Social media platforms amplify expressions of moral outrage over time


Social media platforms like Twitter amplify expressions of moral outrage over time as users who learn such a language are rewarded with increased numbers of “likes” and “shares,” according to new research from Yale University.

And these rewards have had the greatest influence on users connected to politically moderate networks.

“Social media incentives are changing the tone of our online political conversations,” said William Brady of Yale, a postdoctoral researcher in the Yale Department of Psychology and the study’s first author. He led the research with Molly Crockett, associate professor of psychology at Yale.

The Yale team measured the expression of moral outrage on Twitter during controversial real-life events and studied subjects’ behaviors in controlled experiments designed to test whether social media algorithms, which reward social media users for the publication of popular content, encourage expressions of outrage.

“This is the first evidence that some people learn to express more outrage over time because they are rewarded with basic social media design,” Brady said.

The study was published on August 13 in the journal Scientific advancements.

Moral outrage can be a powerful force for the good of society, motivating punishment for moral transgressions, promoting social cooperation and stimulating social change. It also has a dark side, contributing to the harassment of minority groups, the spread of disinformation and political polarization, the researchers said.

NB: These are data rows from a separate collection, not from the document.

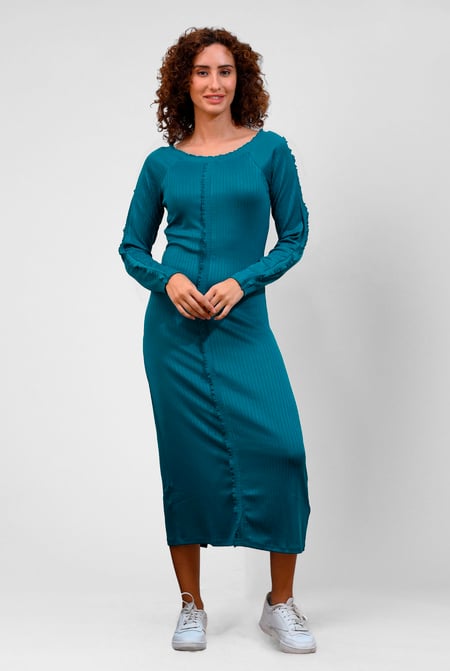 Red Ruffle Seam Midaxi Rib Dress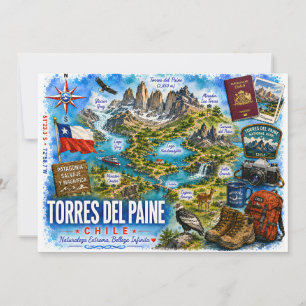 Torres del Paine Chilië Aquarel Ansichtkaarten Kaart
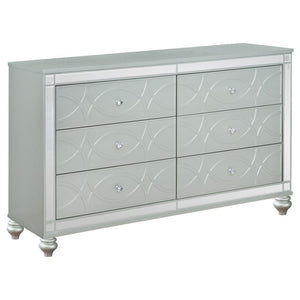 CoasterEssence - Gunnison - 6-Drawer Dresser - Silver Metallic - 5th Avenue Furniture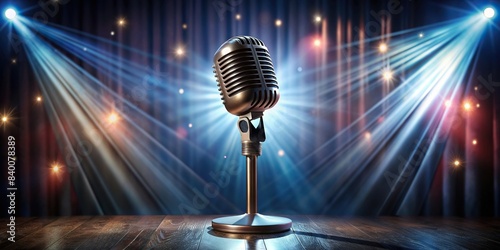 Vintage microphone standing on stage under the spotlight , retro, music, performance, entertainment, sound, classic, nostalgia, old-fashioned, stage, spotlight, antique, elegance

Social media platforms like Facebook and Twitter claim they simply provide a neutral platform for conversations that would otherwise take place elsewhere. But many have speculated that social media is amplifying outrage. However, tangible evidence for this claim was lacking, as accurately measuring complex social expressions like moral outrage poses a technical challenge, the researchers said.

To compile this evidence, Brady and Crockett assembled a team that created machine learning software capable of tracking moral outrage in Twitter posts. In observational studies of 12.7 million tweets from 7,331 Twitter users, they used the software to test whether users expressed more outrage over time, and if so, why.

The team found that the incentives of social media platforms like Twitter are really changing the way people post. Users who received more “likes” and “retweets” when expressing their outrage in a tweet were more likely to express their outrage in subsequent posts. To support these findings, the researchers conducted controlled behavioral experiments to demonstrate that being rewarded for expressing outrage caused users to increase their expression of outrage over time.

The findings also suggest a troubling link to current debates about the role of social media in political polarization. Brady and his colleagues found that members of politically extreme networks expressed more outrage than members of politically moderate networks. However, members of politically moderate networks were actually more influenced by social rewards.

“Our studies reveal that people with politically moderate friends and supporters are more sensitive to social comments that reinforce their expressions of outrage,” Crockett said. “This suggests a mechanism for moderate groups to become politically radicalized over time; social media rewards create positive feedback loops that exacerbate outrage. “

The study was not intended to say whether amplifying moral outrage is good or bad for society, Crockett said. But the findings have implications for policymakers who use the platforms and policymakers who plan to regulate them.

The amplification of moral outrage is an obvious consequence of the social media business model, which maximizes user engagement. Since moral outrage plays a crucial role in social and political change, we must be aware that technology companies, through the design of their platforms, have the capacity to influence the success or failure of collective movements. . “

Molly Crockett, Associate Professor, Psychology, Yale University

She added: “Our data shows that social media platforms don’t just reflect what’s going on in society. The platforms create incentives that change the way users react to political events over time.”